Wednesday, August 29, 2012

Say It Ain't So!

Over at SF Gate, Joshua Kosman has his annual San Francisco Opera season study guide up. I'm a partisan of the Kempe Lohengrin (and of a pair of Bayreuth performances, Steber/Windgassen/Varnay/Uhde and Grummer/Konya/Gorr/Blanc), and Solti is never my first choice in Wagner, but whatever.

What dropped my jaw was his second-choice Tosca (I hope I don't need to tell you what his first choice was): Maazel/Nilsson, Corelli, DF-D.

The last time I heard that recording, I thought it was pure party music: Nilsson is certainly accurate (Conrad L. Osborne called hers the best Tosca on record from a purely vocal standpoint), but she is also steely, unidiomatic, and unable to project vulnerability.
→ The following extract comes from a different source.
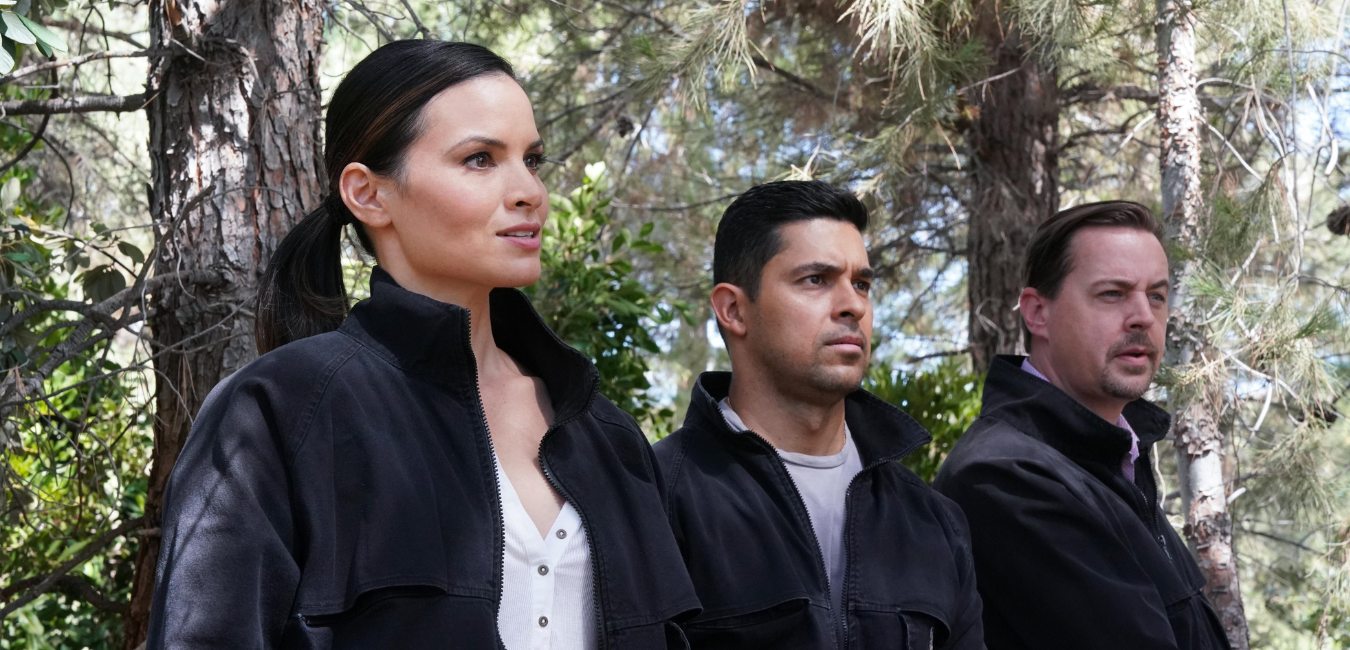 NCIS Season 20 Episode 5: Release date, how to watch, episode details and more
I remember Corelli as bawling and tasteless, DF-D shouting a lot and rather in over his head. Maazel doesn't add much of distinction to this mix.

I'll have to give the set another shot. Maybe it's better than I thought. But if you're in the market for a Tosca other than the obvious choice, consider von Karajan/Price. The conducting is rather different from de Sabata's on the classic set, and, right, Price doesn't have Callas's dramatic point. Still, plenty to treasure.